Подъем индустриализма неизбежно повлек за собой усложнение экономической и политической организации мира – и она обязательно усложнится еще, если только индустриализм не окончится крахом. Земля становится все многолюднее, а наша зависимость от соседей – все теснее. Чтобы жизнь в этих обстоятельствах не сделалась невыносимой, мы должны научиться не докучать друг другу в том, что не имеет непосредственного и очевидного отношения к социуму. Научиться уважать личную жизнь окружающих и не навязывать им свои нравственные устои. Пуританин воображает, что его моральные стандарты являются единственно верными; он не осознает, что для других эпох, других стран и даже других сообществ в его собственной стране характерна иная мораль, отличная от его собственной, и что они имеют на нее не меньше прав, чем он – на свои взгляды. Увы, из-за любви к власти, которая является естественным результатом пуританского самоотречения, пуританин становится более деятельным, чем другие люди, и ему бывает сложнее сопротивляться. Будем надеяться, что разностороннее образование и более обширные познания о человечестве помогут со временем ослабить пыл наших чересчур добродетельных властителей.
Глава XI. Необходимость политического скептицизма[16]
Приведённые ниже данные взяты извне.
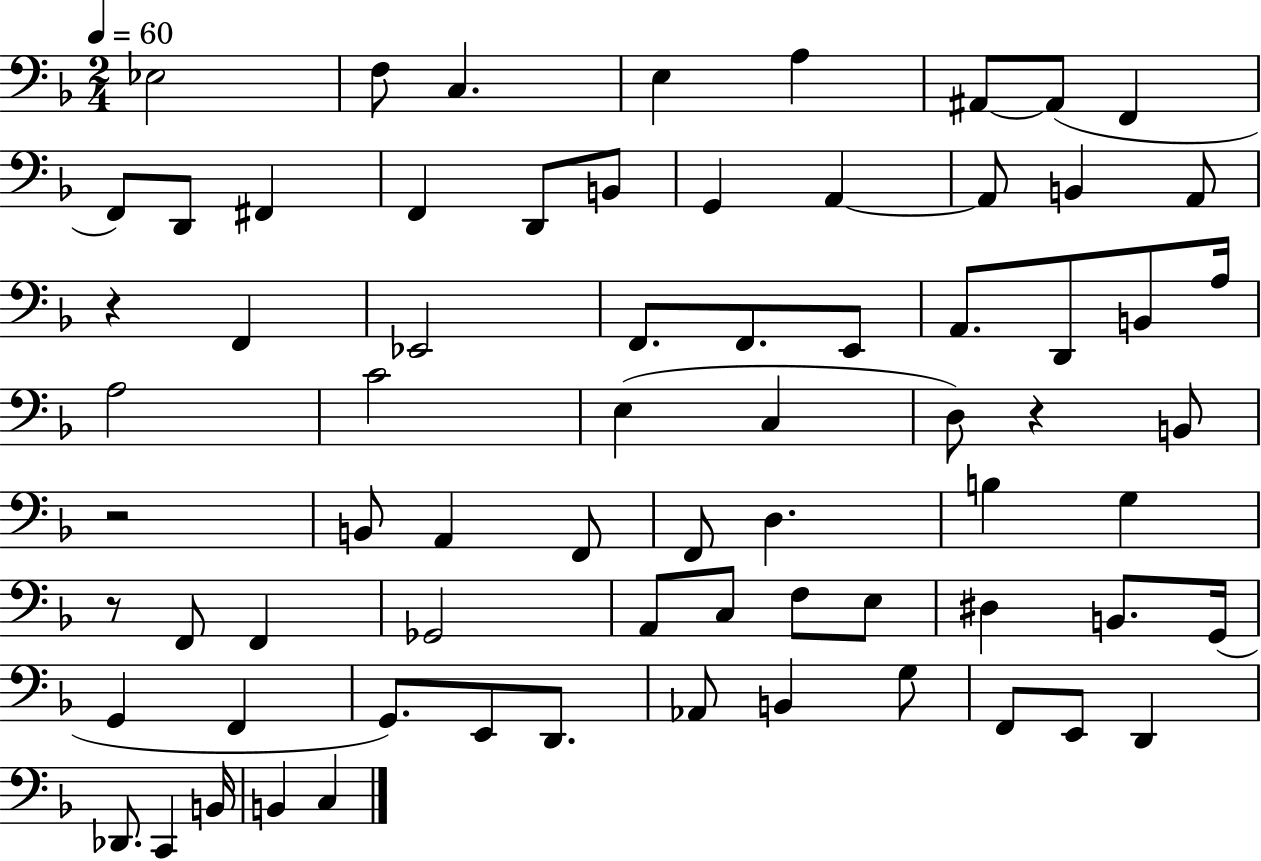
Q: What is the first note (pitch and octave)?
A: Eb3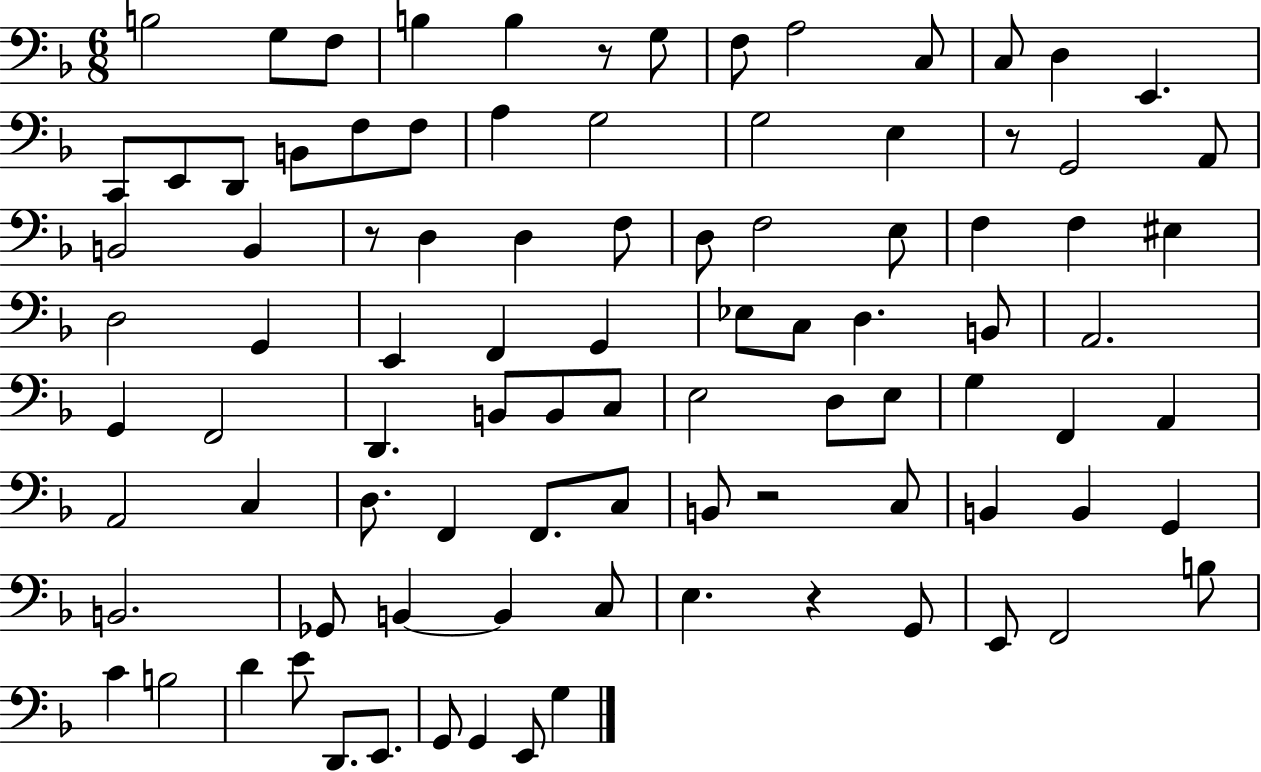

Одной из особенностей англоговорящих стран является огромный интерес к политическим партиям и вера в них. Очень многие их жители в самом деле уверены, что приход к власти определенной политической партии устранит все несчастья, которые их терзают. Они-то и раскачивают маятник. Человек голосует за одну партию, но не становится счастливее; он приходит к выводу, что золотой век должен был настать именно с победой оппозиции. К тому времени, как он разочаруется во всех партиях, он уже старик, одной ногой в могиле; но его сыновья сохраняют пылкую веру юности, и маятник продолжает качаться.
Мое мнение таково: если мы хотим сделать что-то полезное в политической сфере, рассматривать политические вопросы необходимо совершенно иначе. Партии, желающей получить власть, в демократической системе приходится выдвигать предложения, на которые откликается большая часть населения. По причинам, которые станут очевидны в процессе изложения моих доводов, предложение, популярное при существующей демократии, скорее всего, будет дурным. Таким образом, вероятность того, что у влиятельной политической партии будет полезная программа, крайне мала, и если некие полезные меры все-таки будут приняты, то отнюдь не через партийное правительство, а с помощью каких-то иных механизмов. Проблема того, как совместить подобные механизмы с демократией, – одна из самых актуальных в наши дни.
В настоящий момент существует два совершенно разных типа специалистов по политическим вопросам. С одной стороны, есть практикующие политики от всех партий; с другой стороны, есть эксперты – в основном государственные служащие, но также экономисты, финансисты, ученые-медики и т. д. У обеих групп есть собственные уникальные навыки. Навыки политика заключаются в умении угадывать, как убедить людей в том, что им что-то выгодно; навыки эксперта – в умении вычислять, что в самом деле выгодно, при условии, что людей можно в этом убедить. (Эта оговорка необходима, так как меры, вызывающие серьезное общественное негодование, редко бывают полезны, какими бы достоинствами они ни обладали помимо этого.) Могущество политика в условиях демократии зиждется на умении высказывать мнения, которые кажутся правильными среднестатистическому человеку. Бесполезно настаивать на том, что политик должен быть высоконравственным и отстаивать то, что считает полезным просвещенная публика, ведь в таком случае его отметут в сторону и изберут других. Более того, интуитивный талант, необходимый ему для прогнозирования мнений, не подразумевает никакого таланта формировать собственные мнения, так что многие из самых способных (с партийно-политической точки зрения) могут не моргнув глазом отстаивать меры, которые большинство считает полезными, а эксперты – вредными. Поэтому нет никакого смысла взывать к нравственности политиков и умолять их быть честными, кроме как в самом грубом смысле – не брать взяток.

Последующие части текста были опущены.